Ekonomik ve kültürel dünyanın yeni boyutlar kazandığı, doğruluğundan kuşku duyulmayan bilgilerin, geçersiz hale geldiği bir dönemde, bütün kuruluşların ayakta kalmak için, kendilerini sürekli yenilemeleri çok önem kazanmıştır. Bilinen yönetim ve üretim yöntemleri, karşı karşıya olunan sorunları çözmeye yetmemektedir. Her kuruluş bilinmeyen yolda ilerlemek için, her gün yeniden doğmak zorundadır.
Kuruluşların ömürlerini uzatmak için yenilenmeleri, engellerle dolu özen isteyen, zor ve zahmetli bir süreçtir. Nasıl ağaçlar gelişmeleri için, verimli topraklar isterlerse, kuruluşlar da gelişmek için, sağlıklı kültürel ortamlar isterler. Bütün ülkelerin finansal krizlerle çalkalandığı dönemlerde, güçlü ekonomik ve kültürel yapıların en büyük güvencesi, kurum kültürlerini oluşturmuş, kar amacı güden ya da gütmeyen kurumsallaşmış kuruluşlar olacaktır.
Ülkelerde değişik alanlarda ürün, hizmet ve bilgi üreten kuruluşların, yerel ve küresel pazarlarda üstünlük kazanmaları, ekonomik kaynakların zenginliğinden daha çok, kültürel kaynakların zenginliğine dayanır. Kültürleri yoksul olan toplumların, ekonomileri zengin olmaz. Kuruluşların üretim ve yönetim yöntemlerini geliştirmede, yönetenlerle yönetilenler arasında, uyum ve düzen kurum kültürleriyle sağlanır. Bütün ülkelerde kuruluşlar, kültürleriyle ayakta kalırlar.

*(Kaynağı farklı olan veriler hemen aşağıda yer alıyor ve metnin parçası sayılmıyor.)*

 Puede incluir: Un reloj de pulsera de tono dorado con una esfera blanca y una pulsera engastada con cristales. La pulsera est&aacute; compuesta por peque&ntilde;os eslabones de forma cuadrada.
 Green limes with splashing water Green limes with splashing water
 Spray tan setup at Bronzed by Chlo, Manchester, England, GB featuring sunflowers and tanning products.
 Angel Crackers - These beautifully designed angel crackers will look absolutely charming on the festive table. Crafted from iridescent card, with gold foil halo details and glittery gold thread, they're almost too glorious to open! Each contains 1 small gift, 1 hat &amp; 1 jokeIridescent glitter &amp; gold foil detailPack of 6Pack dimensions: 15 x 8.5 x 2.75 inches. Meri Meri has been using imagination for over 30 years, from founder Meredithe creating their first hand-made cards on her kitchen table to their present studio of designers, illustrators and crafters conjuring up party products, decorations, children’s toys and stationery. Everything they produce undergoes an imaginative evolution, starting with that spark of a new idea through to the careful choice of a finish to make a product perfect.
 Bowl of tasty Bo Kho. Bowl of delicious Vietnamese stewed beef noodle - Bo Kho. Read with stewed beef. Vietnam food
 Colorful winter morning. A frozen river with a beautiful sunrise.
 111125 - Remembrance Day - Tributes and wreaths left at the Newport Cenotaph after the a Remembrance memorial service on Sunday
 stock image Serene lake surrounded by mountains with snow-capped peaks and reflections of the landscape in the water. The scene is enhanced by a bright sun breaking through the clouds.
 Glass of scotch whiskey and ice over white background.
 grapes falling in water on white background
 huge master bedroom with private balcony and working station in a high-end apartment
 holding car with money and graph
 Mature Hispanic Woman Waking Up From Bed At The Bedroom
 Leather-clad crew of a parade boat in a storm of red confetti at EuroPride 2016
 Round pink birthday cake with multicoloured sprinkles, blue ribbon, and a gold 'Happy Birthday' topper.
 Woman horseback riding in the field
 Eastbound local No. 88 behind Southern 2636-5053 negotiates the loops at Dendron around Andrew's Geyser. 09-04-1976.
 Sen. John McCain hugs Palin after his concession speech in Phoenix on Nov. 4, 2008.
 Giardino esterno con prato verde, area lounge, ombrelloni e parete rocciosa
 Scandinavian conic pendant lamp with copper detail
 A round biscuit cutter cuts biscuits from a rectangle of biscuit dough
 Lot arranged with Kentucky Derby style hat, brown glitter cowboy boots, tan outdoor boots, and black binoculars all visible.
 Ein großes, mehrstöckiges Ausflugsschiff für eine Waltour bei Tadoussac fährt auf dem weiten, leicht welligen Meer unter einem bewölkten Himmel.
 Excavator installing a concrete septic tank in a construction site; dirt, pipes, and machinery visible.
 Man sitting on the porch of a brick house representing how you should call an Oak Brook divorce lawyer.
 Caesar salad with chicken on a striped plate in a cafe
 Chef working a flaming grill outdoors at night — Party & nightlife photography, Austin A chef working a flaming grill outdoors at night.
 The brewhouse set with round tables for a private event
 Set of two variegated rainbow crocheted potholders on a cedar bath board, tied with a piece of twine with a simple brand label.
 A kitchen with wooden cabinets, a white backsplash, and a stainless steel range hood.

Dünyanın neresinde olurlarsa olsunlar, kuruluşların kurum kültürleri, uzun yıllar içinde zenginleşe zenginleşe oluşur. Kurum kültürünü oluşturan değerlerin başında, ilgili tarafların katılımıyla birlikte karar alma yöntemleriyle, iletişime ve etkileşime açık, karşılıklı sevgiye ve saygıya dayanan, yönetim anlayışları gelir. Ülkelerde bütün kuruluşlar açıklık içinde, sürekli gelişen kurum kültürü oluşturarak, bütün dünya pazarlarında kendilerine yer bulan sıradışı ürünler üretirler.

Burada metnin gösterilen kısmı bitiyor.